Physiology of onion bulbs destined for export markets (VN12000)

Key research provider: Tasmanian Institute of Agriculture
Publication date: Tuesday, August 18, 2015

What was it all about?

This project, which ran from 2015 to 2018, investigated the factors underpinning the robustness of onion bulbs, to help maintain the quality advantage of onions being exported to Northern Hemisphere countries, which involves six to eight weeks of transit through the tropics. Robust bulbs are those that have not broken dormancy and that have retained both firmness and skins during shipping under ambient conditions.

The research investigated the role that both pre-harvest growth and development factors and post-harvest mechanical impacts play in maintaining this robustness.

It found that, in general, bulbs that received mechanical impacts during grading and sorting had higher respiration rates, which were linked to greater weight loss and reduced storage life. The extent to which mechanical impacts reduce storage life was further explored by controlling the number, magnitude and position of mechanical impacts to bulbs in laboratory studies. While respiration rate and sprout growth during storage was increased from greater impacts, the study provided new evidence that bulbs were more sensitive to impacts to the base plate than to impacts to the equator or neck.

This was the first study to report the high degree of sensitivity of the onion baseplate to mechanical impact.

Furthermore, bulbs from different crops varied in storage life potential. The project found that bulbs with low respiration rate prior to grading had longer storage life, indicating that pre-harvest factors can play an important role in determining bulb sensitivity to impacts and storage life. This crop-to-crop variation in bulb respiration rate prior to grading provided, in part, an explanation to the differences among crops in robustness and storage life reported by industry.

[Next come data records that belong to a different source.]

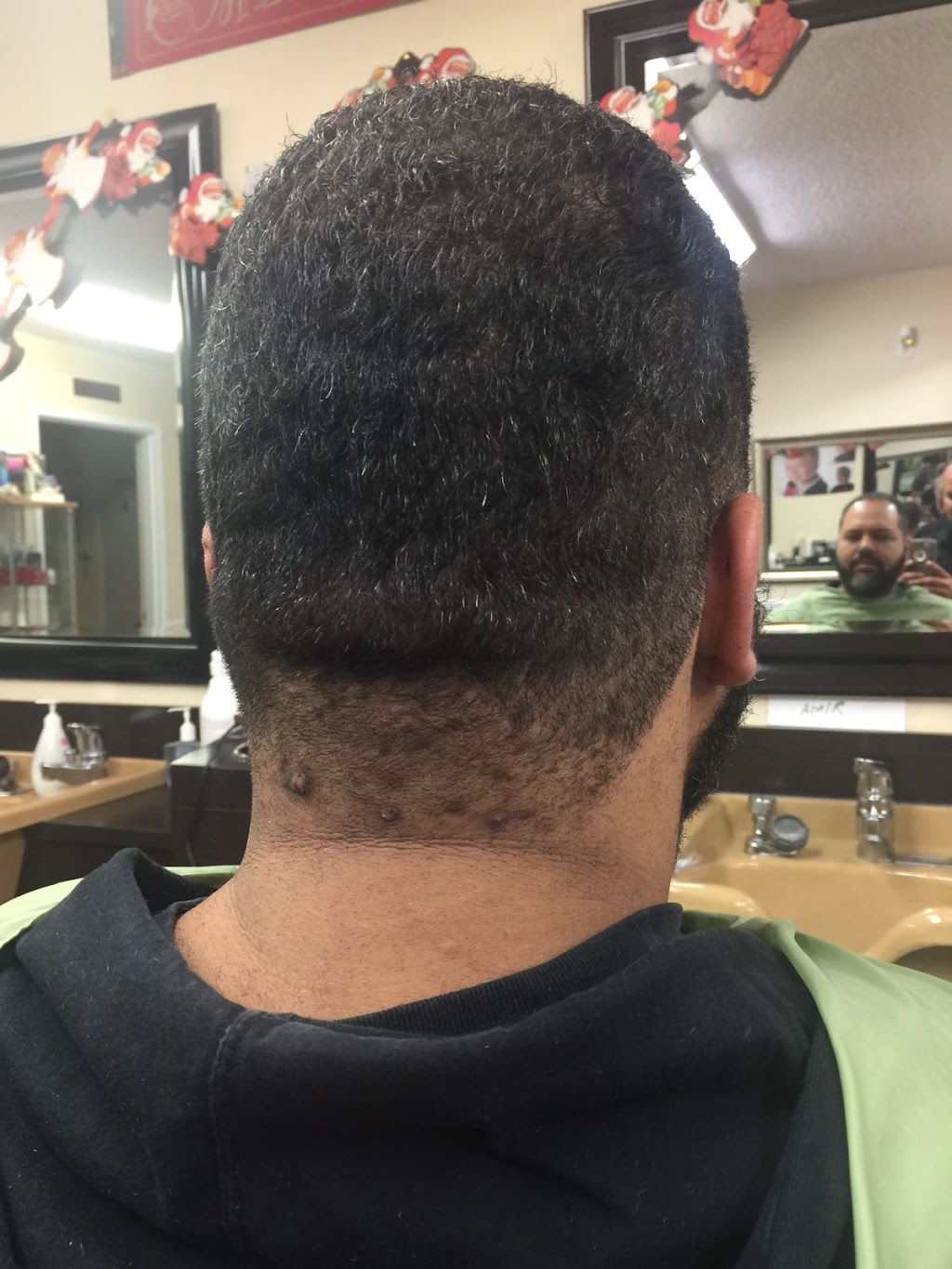 Victors Barber Shop | 410 Kerr St, Oakville, ON L6K 3C1, Canada | Phone: (905) 845-8511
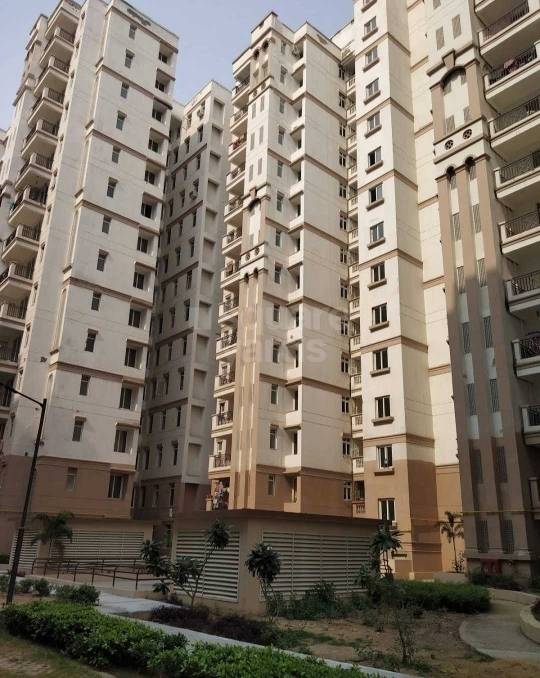 Rental 3 Bedroom 1285 Sq.Ft. Apartment in Ramprastha City The Atrium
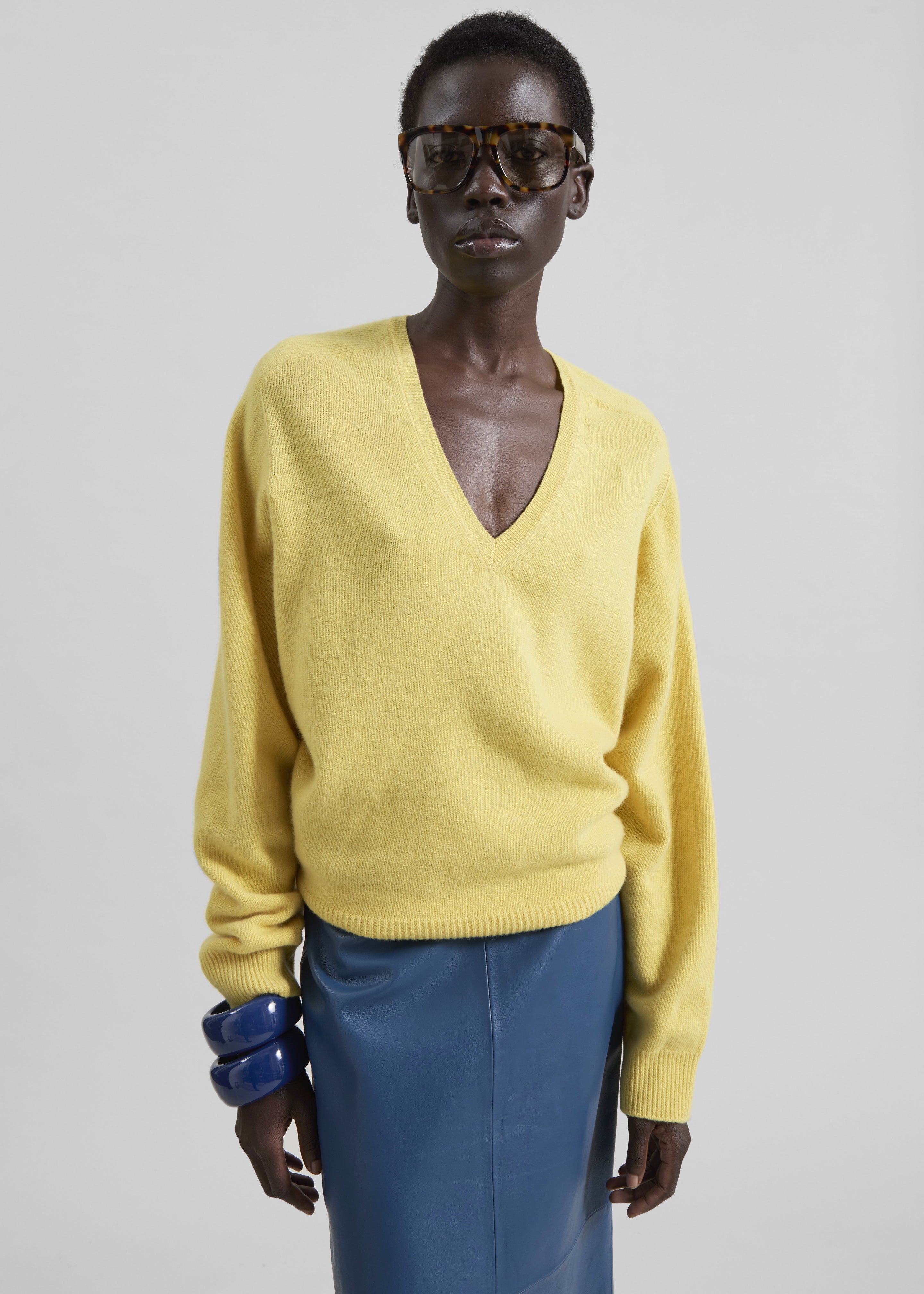Ronse V-Neck Superfine Lambswool Sweater - Yellow - 7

Rate of bulb growth and timing of interruption to its development (lifting for in-field curing) were investigated as possible explanations for the crop-to-crop variation in bulb robustness and storage life. While growth rate had only a minor influence on bulb storage life, the timing of interruption was found to be important — lifting bulbs from the soil for curing when the foliage of between 80 and 100 per cent plants in a crop had collapsed resulted in a longer storage life than lifting earlier or later in the stage of development.

Related levy funds
Details

ISBN:
978-0-7341-3592-6

Funding statement:
This project has been funded by Hort Innovation

Copyright:
Copyright © Horticulture Innovation Australia Limited 2015. The Final Research Report (in part or as whole) cannot be reproduced, published, communicated or adapted without the prior written consent of Hort Innovation (except as may be permitted under the Copyright Act 1968 (Cth)).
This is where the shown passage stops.